When you reach the line containing "5 FOR 5 trademark", begin reproducing the material exactly, stop after the line containing "Farbige Parkette Mathematische", and leave out any pictures along the way.

☆ ☆ ☆ ☆ ☆ ☆ ☆

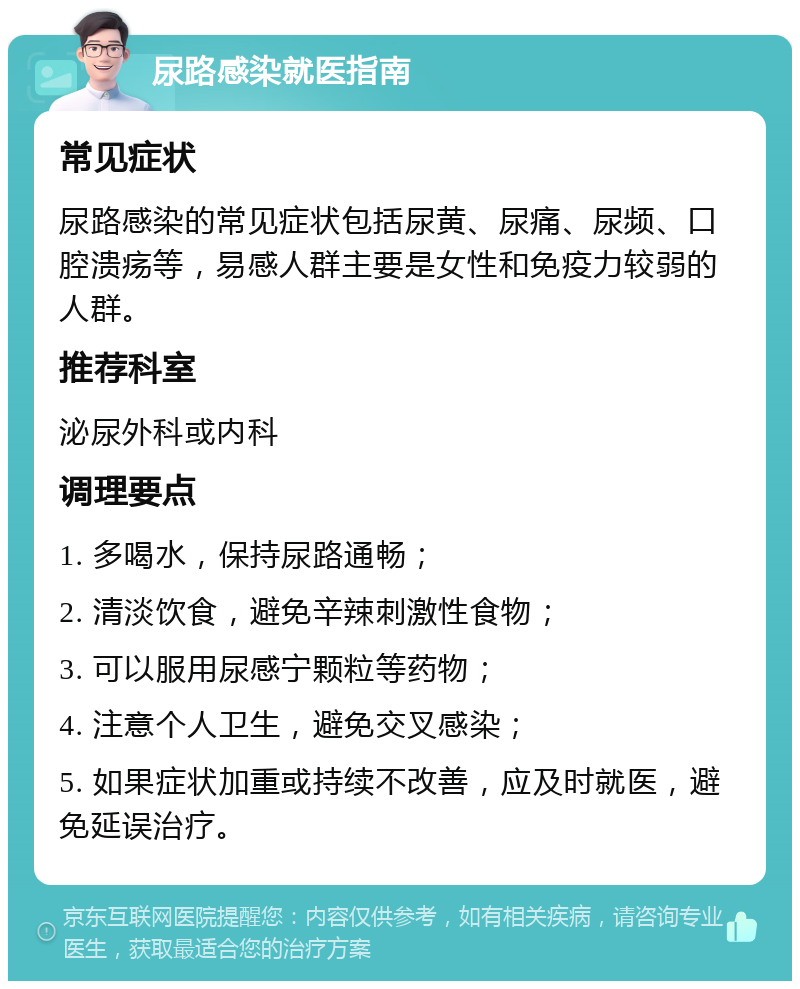 尿路感染就医指南 常见症状 尿路感染的常见症状包括尿黄、尿痛、尿频、口腔溃疡等，易感人群主要是女性和免疫力较弱的人群。 推荐科室 泌尿外科或内科 调理要点 1. 多喝水，保持尿路通畅； 2. 清淡饮食，避免辛辣刺激性食物； 3. 可以服用尿感宁颗粒等药物； 4. 注意个人卫生，避免交叉感染； 5. 如果症状加重或持续不改善，应及时就医，避免延误治疗。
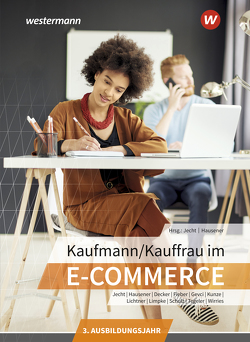 Kaufmann/Kauffrau im E-Commerce von Decker,  Sebastian, Fieber,  Tobias, Gevci,  Ahmet, Hausener-Witkovsky,  Svenja, Jecht,  Hans, Kunze,  Marcel, Lichtner,  Markus, Limpke,  Peter, Schulz,  Dominik, Tegeler,  Rainer, Wirries,  Nadine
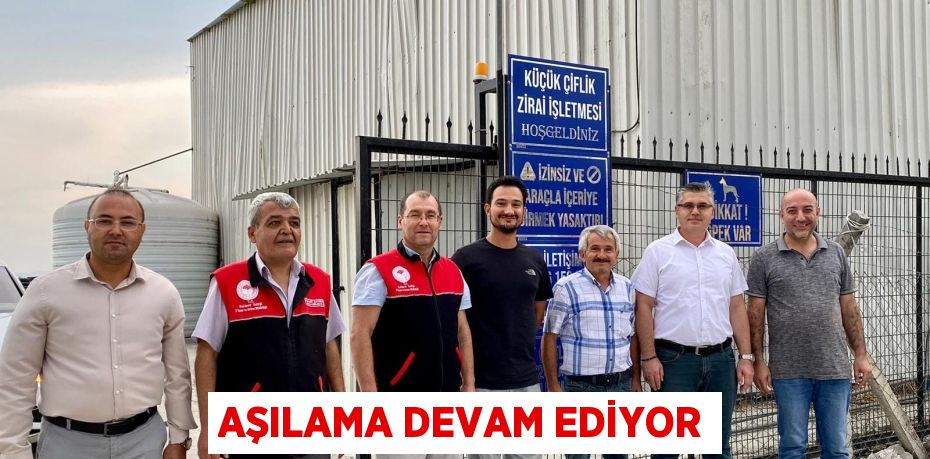 Aşılama devam ediyor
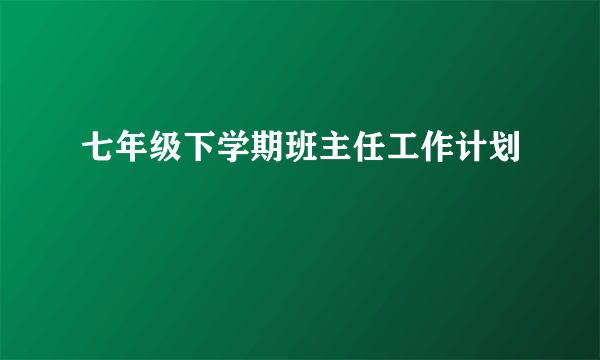 七年级下学期班主任工作计划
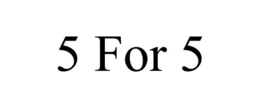 5 FOR 5 trademark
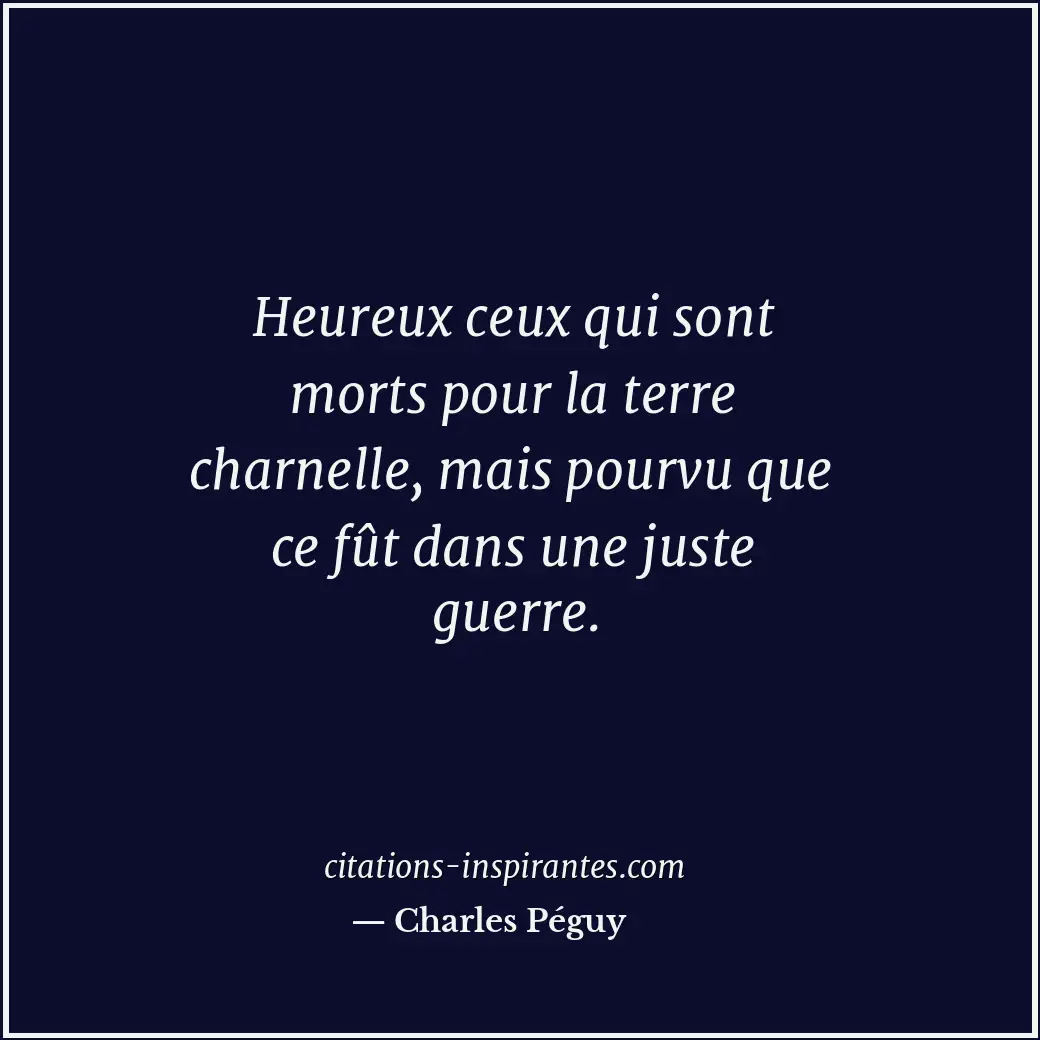 Heureux ceux qui sont morts pour la terre charnelle, mais pourvu que ce fût dans... Citation de Charles Péguy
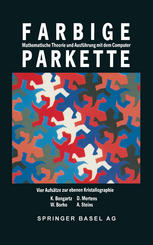 Farbige Parkette Mathematische Theorie und Ausführung mit dem Computer. Vier Aufsätze zur ebenen Kristallographie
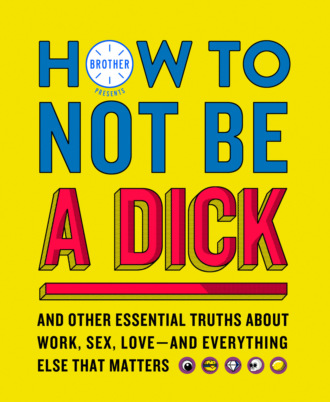 Brother. How to Not Be a Dick: And Other Truths About Work, Sex, Love - And Everything Else That Matters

☆ ☆ ☆ ☆ ☆ ☆ ☆

Answer for the task:
 5 FOR 5 trademark
 Heureux ceux qui sont morts pour la terre charnelle, mais pourvu que ce fût dans... Citation de Charles Péguy
 Farbige Parkette Mathematische Theorie und Ausführung mit dem Computer. Vier Aufsätze zur ebenen Kristallographie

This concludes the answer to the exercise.